Nun drehe man aus der Unkenntnis der SchülerInnen nicht sofort dem Lehrer einen Strick: vielleicht hat er ja einfach B. vorausgesetzt und ist gar nicht auf die Idee gekommen, dass SchülerInnen beim Erkennen der Körperflächen Probleme haben könnten, diese also im Unterricht explizit zu behandeln wären.
(Merkwürdig fand ich allerdings den Kommentar des Lehrers, solche Körper seien doch ganz anschaulich anhand von Modellen in der 5. Klasse durchgenommen worden. Als wenn SchülerInnen sich fünf Jahre später noch daran erinnern könnten!
Die beste Reihenfolge ist doch wohl noch
reale [also dreidimensionale] Körper,
zweidimensionale Projektionen [Zeichnungen] dieser Körper,
nur noch Worte über Körper.
Dabei ist die Abstraktion des 3. Schritts [also ] natürlich ungemein wichtig, aber mir wird doch allzu schnell zu ihm hin gesprungen
[weil die LehrerInnen die vorherigen Schritte oftmals tatsächlich nicht mehr brauchen],
und man sollte auch immer wieder zurückspringen bzw. zwischen 1. bis 3. hin- und herspringen.)
Zu b.,
also dass einige SchülerInnen an der Seite der Kaffeetasse überhaupt keine Fläche erkannten.
Die erste Reaktion ist da natürlich: "Ja, sind die denn mit Blindheit geschlagen?"
Aber dann höre man doch mal genauer hin!:
"Die Seite ist doch gebogen, also kann sie keine Fläche sein, denn FLäCHEN SIND - wie der Name schon sagt - FLACH!"
... und die Erde ist eine Scheibe:
Das ist in der Alltagssprache durchaus richtig, und die Fachsprache müsste doch erst ganz am Ende kommen:
Fläche, ebenes [!] oder beliebig gekrümmtes [!] Gebilde im Raum, insbesondere jede Begrenzung (Oberfläche) einer räumlichen Figur.

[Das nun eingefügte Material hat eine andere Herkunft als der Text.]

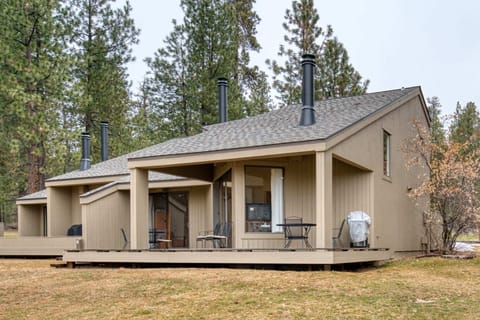 LC014-Black-Butte-Ranch-OR-97759-Large-2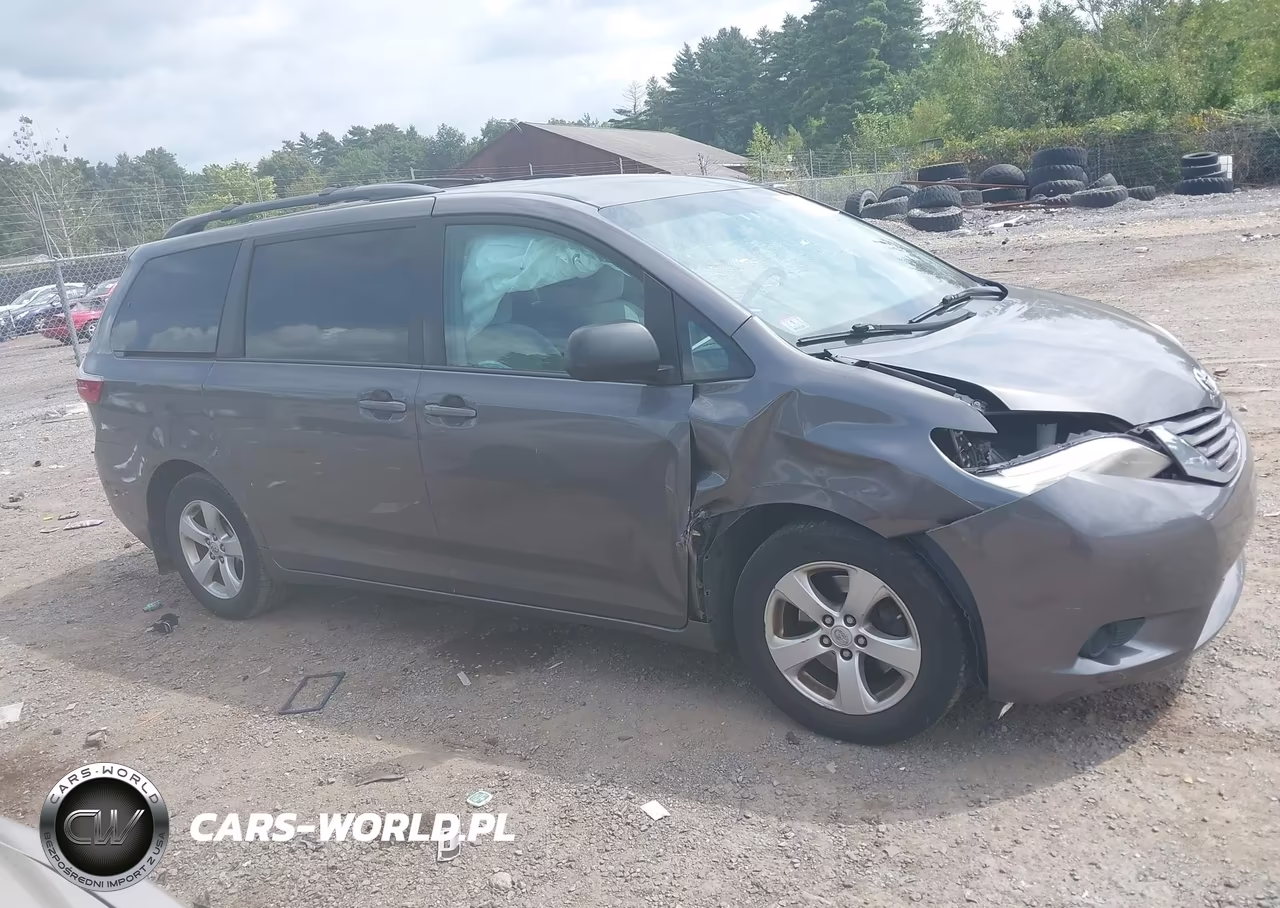 2017 Toyota Sienna Le 8 Passenger VIN:5TDKZ3DC1HS789322 - 13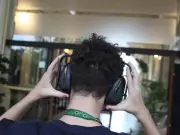 Santos distribui abafadores de som para hipersensibilidade auditiva no Ano Novo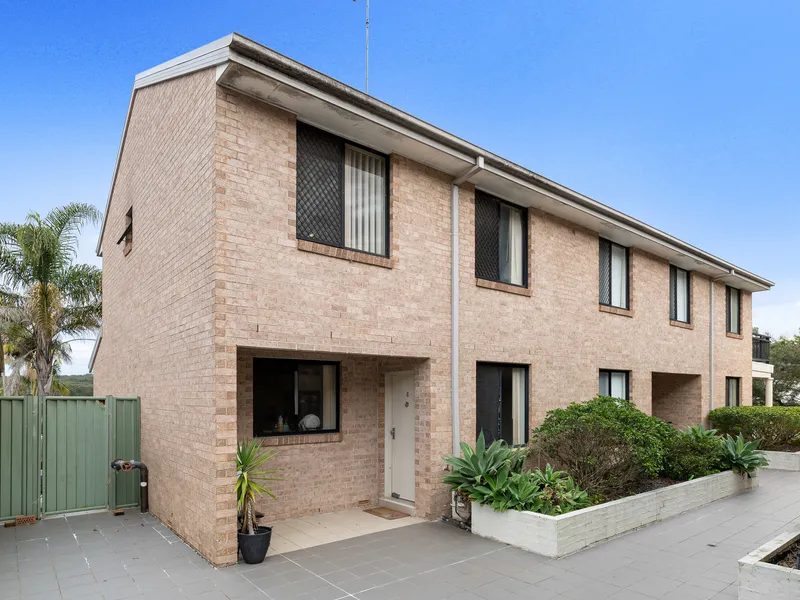 3 bedroom townhouse in central location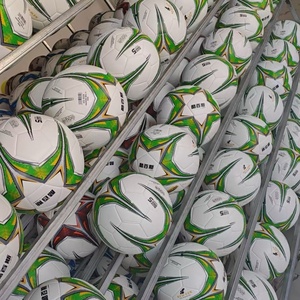 Pallone da Calcio Personalizzato in PU 2026, Tutti i Modelli, Termosaldato, Misura 5 per Allenamento e Partite di Adulti e Bambini - Product Image 3
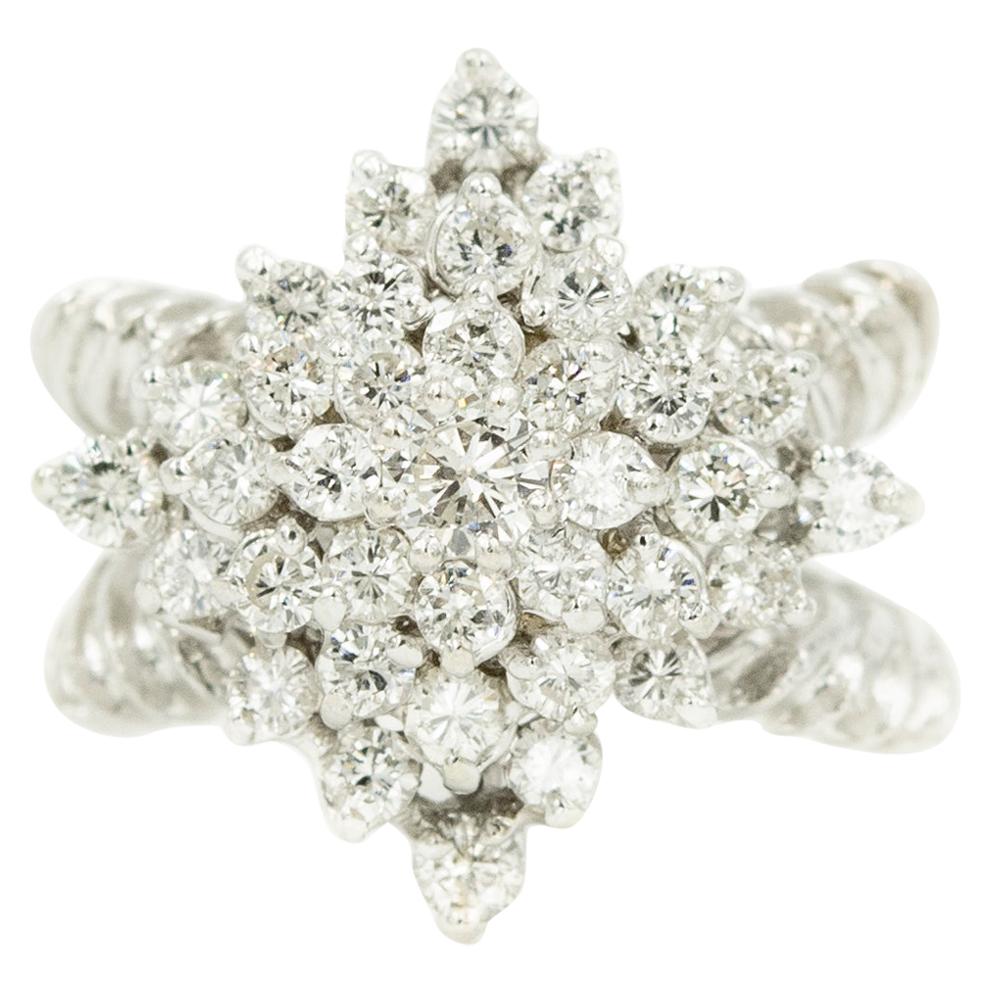 Anneau croisé en forme de dôme de fleur en or blanc et diamants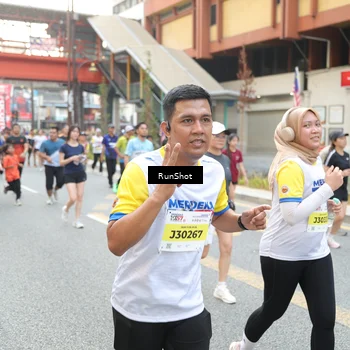 Runner Photo 4613043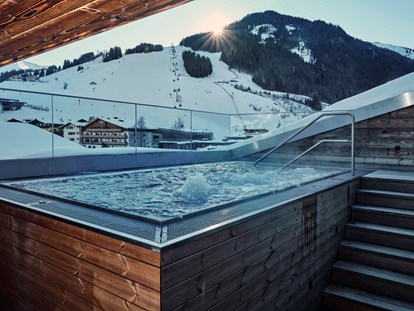 Hotels an der Piste - Sonnenterrasse - Kitzbühel - Wellness mit Aussicht im Winter - 4****S Hotel Hasenauer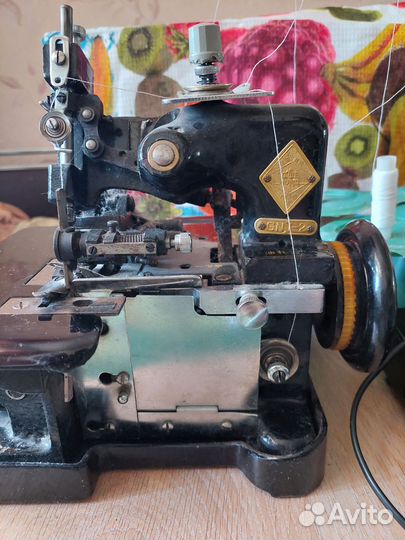 Оверлок для швейной машины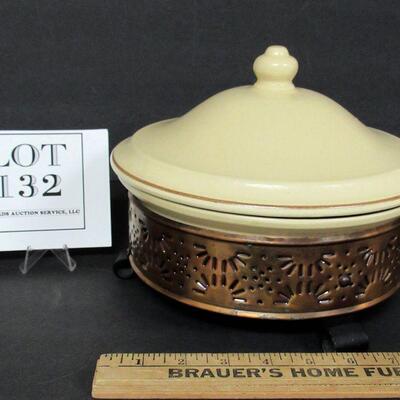 Vintage Pfaltzgraff Village Casserole in Copper Holder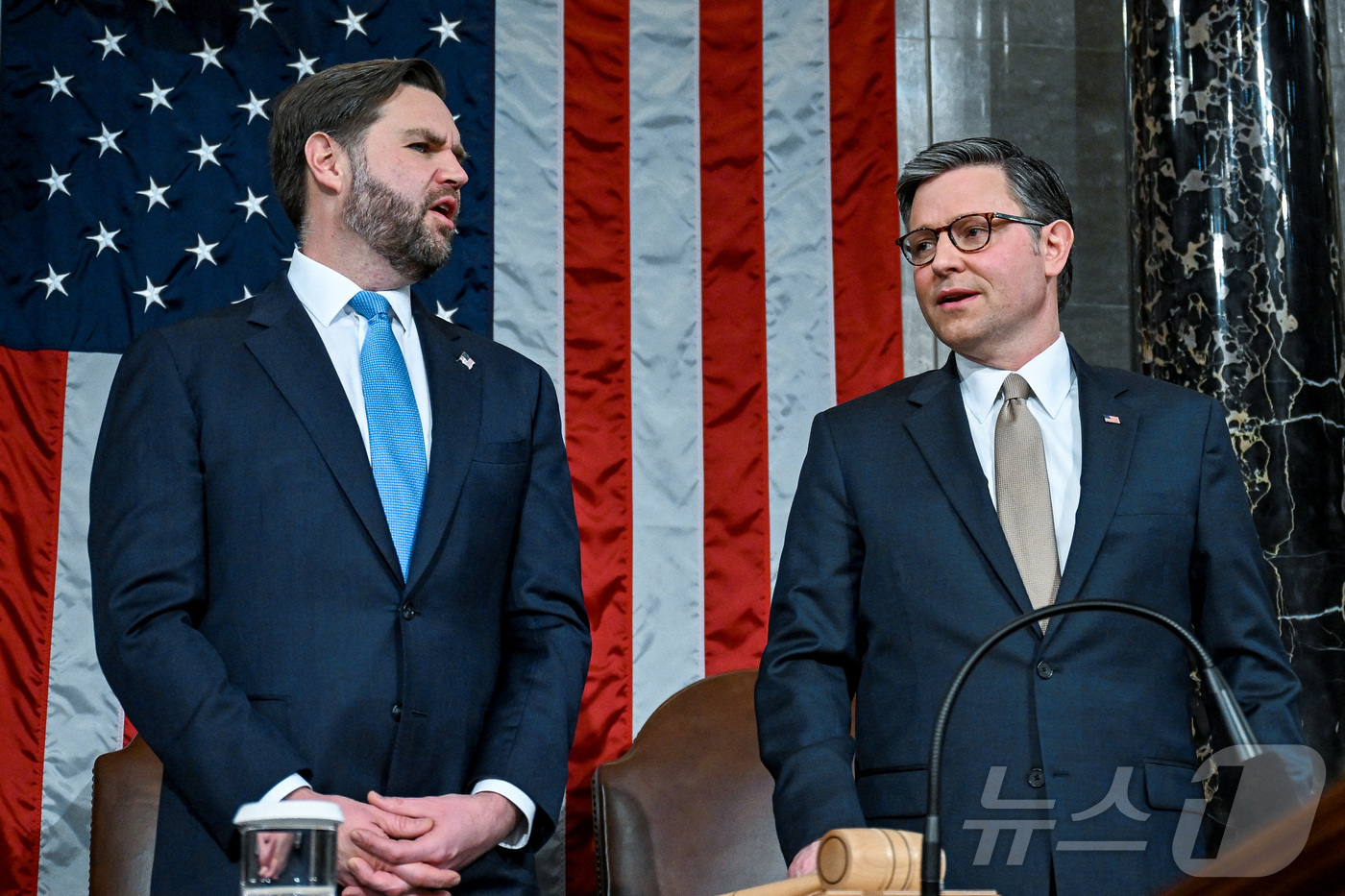 (워싱턴DC 로이터=뉴스1) 이정환 기자 = 24일(현지시간) 도널드 트럼프 미국 대통령이 워싱턴 DC 미국 국회의사당 하원 회의장에서 2기 첫 국정연설을 하기 전 JD 밴스 미국 …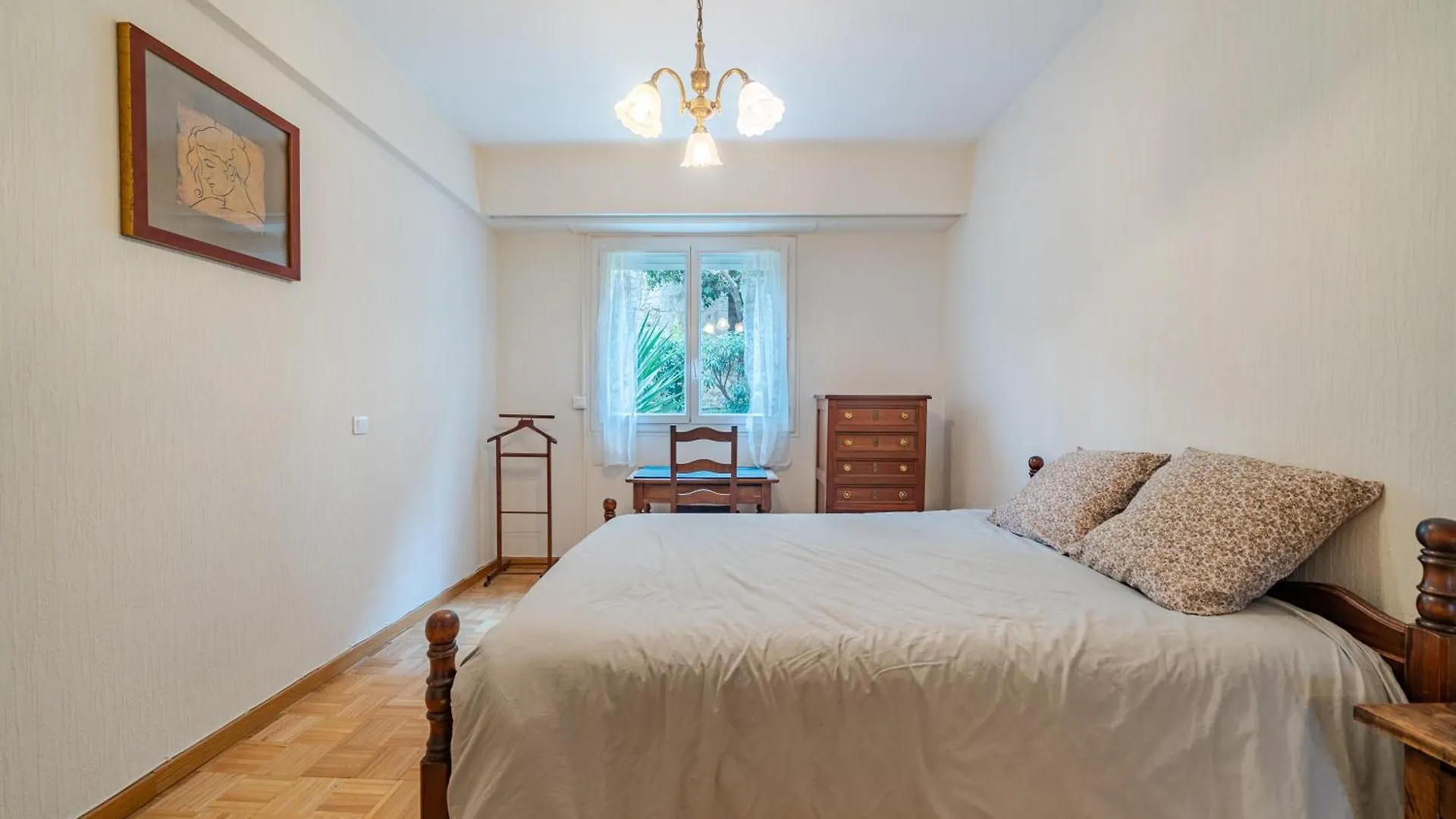 Grand 3 Pieces Calme - Nice - Garage Apartment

In der Mathematik wird als Fläche eine Menge von Punkten im Raum definiert, zwischen deren Koordinaten eine feste, bestimmten Stetigkeitsforderungen genügende Beziehung besteht. Sie wird durch eine Gleichung bestimmt (z.B. durch eine algebraische Gleichung bei den algebraischen Flächen). Die Ordnung einer Fläche wird durch den Grad der sie beschreibenden Gleichung angegeben: Flächen erster Ordnung sind die Ebenen [hier haben wir also die Defintion, die in meist in der Alltagssprache benutzt wird], Flächen zweiter Ordnung z.B. Kugel, Kegel, Zylinder, Ellipsoide, Hyperboloide und Paraboloide. Besondere Flächen sind u.a. abwickelbare Flächen und Schraubenflächen.
(Brockhaus)(Nunja, bei einer Kugel spricht man ja auch von einer [gebogenen, krummen!] Oberfläche!)
Mir scheint aber, dass der "Fehler", dass keine Fläche vorliege, weil Flächen ja flach seien, vermeidbar wäre, wenn man "Abwickeln" als Tätigkeit (s.o.) verstehen würde.